Madeira wine is named after the autonomous Portuguese island in the North Atlantic Ocean, which is found over 500 km (300 miles) to the west of Morocco’s coastline. For context, it is 400 km (250 miles) north of the Canary Islands.

As we explain in our guide to Madeira’s history, it was a popular stopping location for ships that travelled from Europe to other continents, which contributed to its popularity.

The island features a diverse range of bioclimates with various levels of humidity and temperature. While its climate is overall oceanic, it receives strong tropical influences, too. Its yearly temperatures average about 19°C (66°F) with around 1.25 metres (4 feet) of annual rainfall.

As an island set above a large shield volcano, its soil is mostly composed of red and brown basaltic igneous rock. Its grapes are grown on the island’s extremities and the greatest concentration of vineyards are along the southern and eastern coasts.

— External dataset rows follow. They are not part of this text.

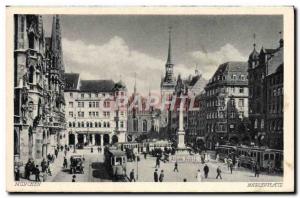 Old Postcard Munchen Marlenplatz Tramway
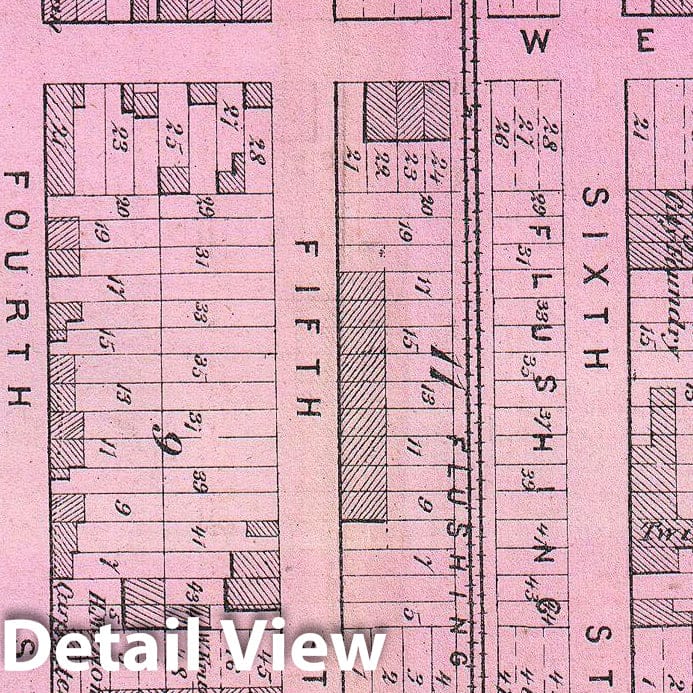 Historic Map : Beers Map of Hunters Point (Long Island City), Queens, New York, 1873, Vintage Wall Art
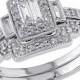 Allura 2/5 CT. T.W. Parallel Baguette and Round Diamond Bridal Set in 10K White Gold (GH) (I1-I2)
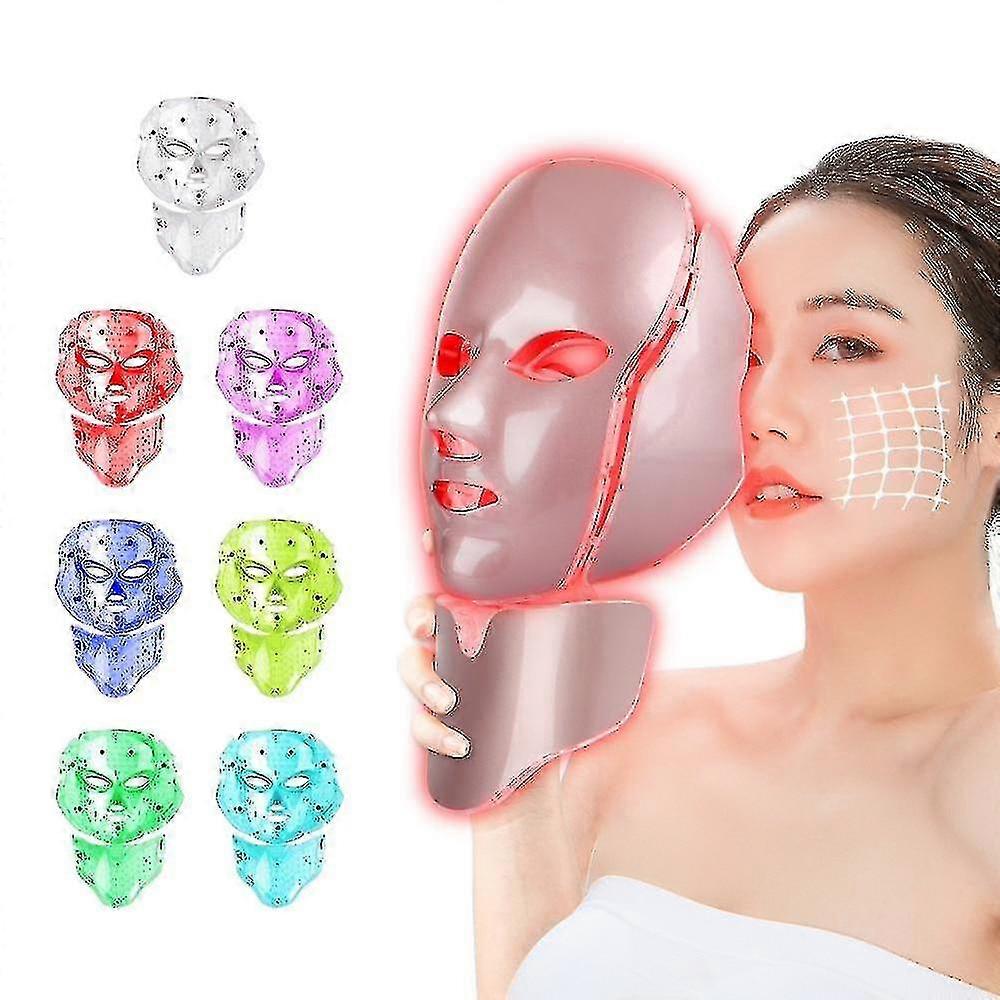 Photon Hud Foryngelse 7 Fargebehandling Anti Aldring Fjerning Rynke Ansikts hudmaske|led maske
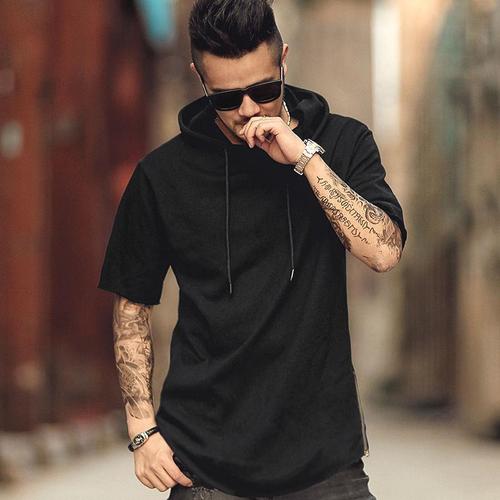 Cap sleeve men's fashion hat T-shirt loose large size hip-hop hat sweater half sleeve summer thin model with hat black hoodie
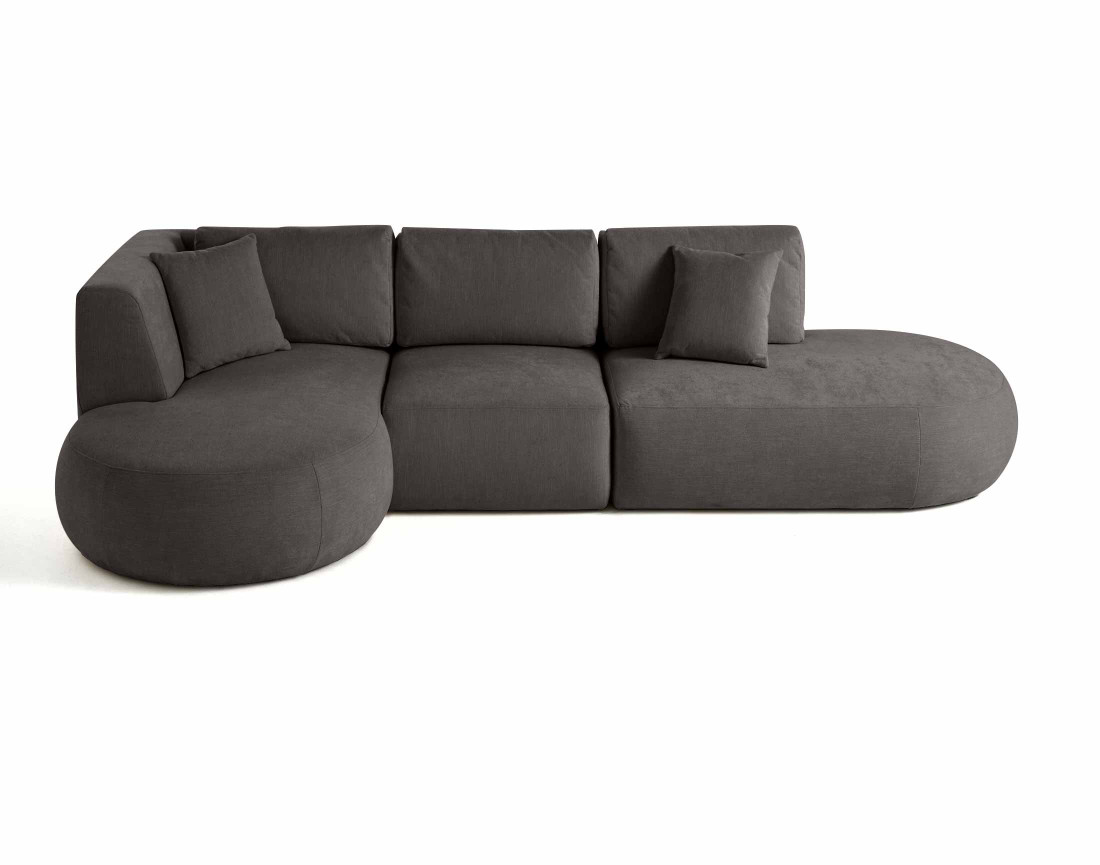 Canapé modulable d'angle gauche 5 places en tissu texturé Santorini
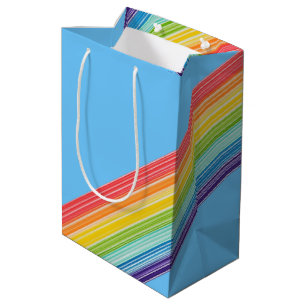 Bolsa De Regalo Mediana Rayas de arco iris diagonales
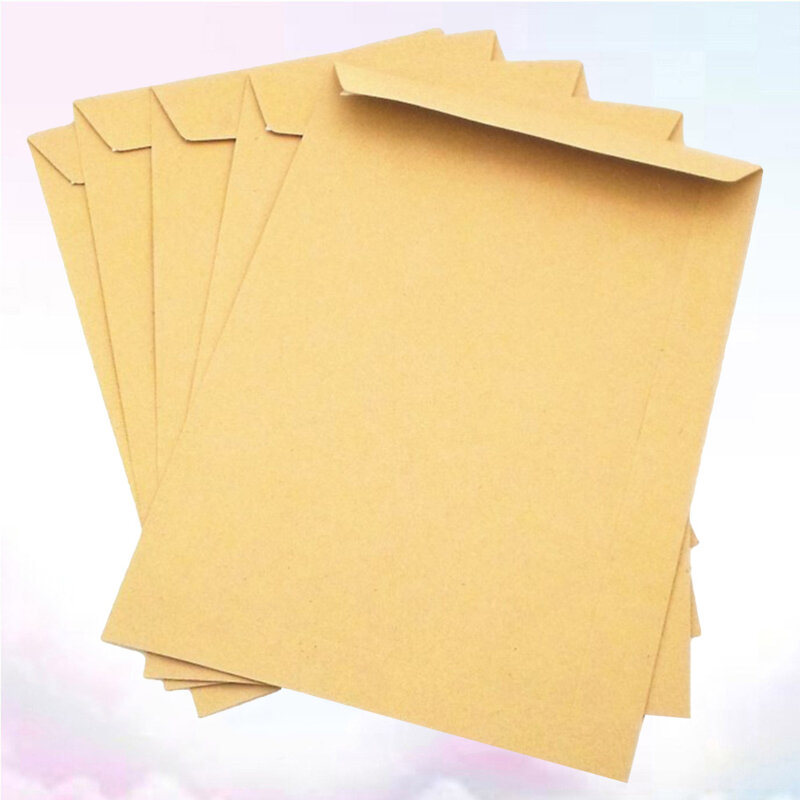 50個のクラフト紙封筒オフィススクールビジネスレターストレージ封筒用の空白のクラシックな無地の封筒 (229x162mm)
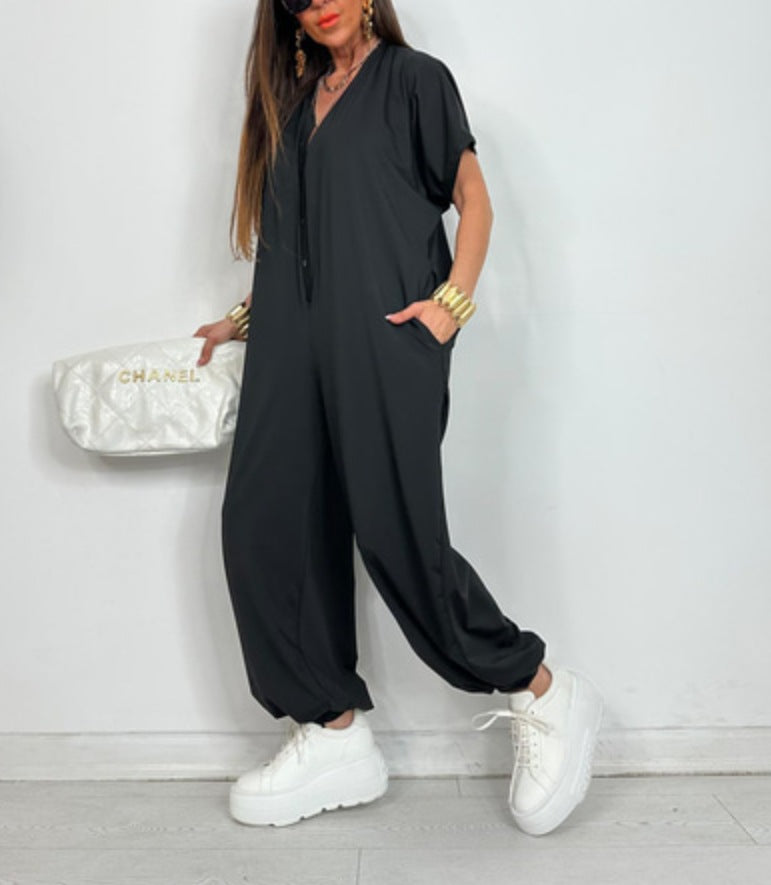 Damen Jumpsuit Oversized Leopardenmuster mit Taschen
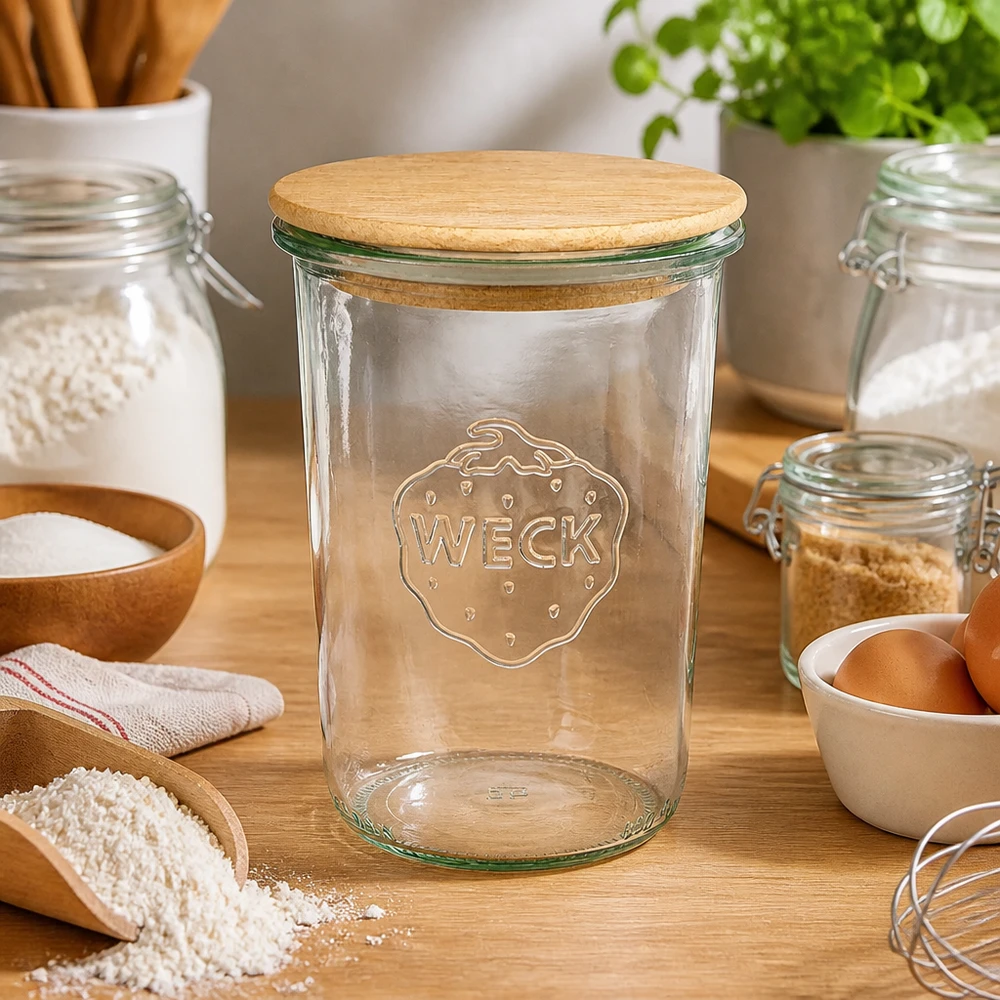 Vasos WECK RR100 850ml con tapa de madera WECK vasos 850ml RR100 tapa de madera cocina ingredientes para hornear harina huevos utensilios de cocina materiales naturales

The island has experienced a number of hardships from a devastating phylloxera outbreak to its wine declining popularity. Consequently, many vineyards were ripped up and replaced with other crops or even built over to cater to the growing tourism trade.

Today, over 2,000 independent winegrowers remain. Most of them own small plots and sell their harvested grapes to just seven producers who then make the wine and export it from the island. Therefore, it’s a rare and unique commodity indeed.

Madeira Wine Vineyards

If you’re familiar with typical vineyards, those on Madeira may appear somewhat unusual. Indeed, the vines are grown on low trellises known as “latade” that raise the grapes high above the ground.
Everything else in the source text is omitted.